Un réseau international de voitures volées tombe en Afrique de l’Ouest.

Des berlines de luxe comme passeport du crime

Toyota Lexus, Peugeot dernier cri, Honda Civic en version sport… Ce ne sont pas de simples véhicules, mais de véritables jetons dans une économie parallèle. En tout, plus de 75 voitures ont été saisies et 150 identifiées comme volées, certaines à des milliers de kilomètres, au Canada ou en Europe. Derrière chaque moteur, une histoire : celle d’un propriétaire canadien dépossédé, d’un port africain corrompu, d’un conteneur maquillé… et d’un réseau aux ramifications bien huilées.

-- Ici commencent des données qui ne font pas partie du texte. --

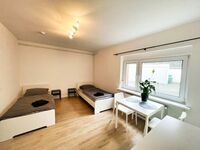 hanS: Hamburg 25 Minuten, Geesthacht 20 Minuten Bild 1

Interpol le confirme : « Le vol d’un véhicule n’est que la première étape d’un long périple criminel. » Ces voitures n’ont pas seulement vocation à rouler. Elles sont aussi échangées contre armes, drogue, voire contre des faveurs politiques ou des postes dans certaines régions instables. Le crime organisé trouve dans l’automobile un outil de mobilité… et de blanchiment.

Des ports aux bases de données : la contre-offensive s’organise

Si l’Afrique de l’Ouest devient un hub de ce trafic, c’est en grande partie à cause de ses ports et de ses frontières poreuses. Mais cette fois, la riposte a été musclée. À Lagos, six Toyota Lexus ont été interceptées dans des conteneurs en partance, pendant qu’au Ghana, plus de 12 600 véhicules étaient minutieusement contrôlés via la base VVS d’Interpol, une technologie capable de croiser instantanément les données de 137 pays.

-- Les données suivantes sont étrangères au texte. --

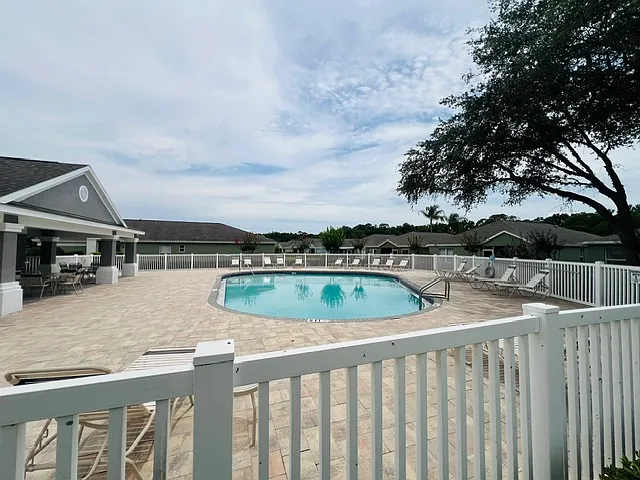 5009 Gato Del Sol Cir — Photo 2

Chaque contrôle est une tentative de remonter le fil invisible d’un vol commis à Montréal, Paris ou Rotterdam. Chaque saisie est une victoire sur un marché noir qui, selon certaines estimations, génère plusieurs milliards de dollars par an.

Un trafic à double visage

Au-delà de l’aspect criminel, ce trafic interroge aussi sur les failles des systèmes douaniers, la complicité silencieuse de certains agents locaux et la naïveté de citoyens qui achètent des véhicules sans en connaître la provenance. Car une partie de ces voitures est vendue à des particuliers, à prix cassé, parfois même avec des documents falsifiés en bonne et due forme.

Pour Interpol, le véritable défi commence maintenant : démanteler les deux organisations identifiées lors de l’opération, tracer les circuits financiers et empêcher que ces réseaux ne ressurgissent ailleurs, sous une autre forme. Car dans l’ombre des phares rutilants et des carrosseries brillantes, ce sont des flux de pouvoir, de violence et d’argent qui circulent sans frontières.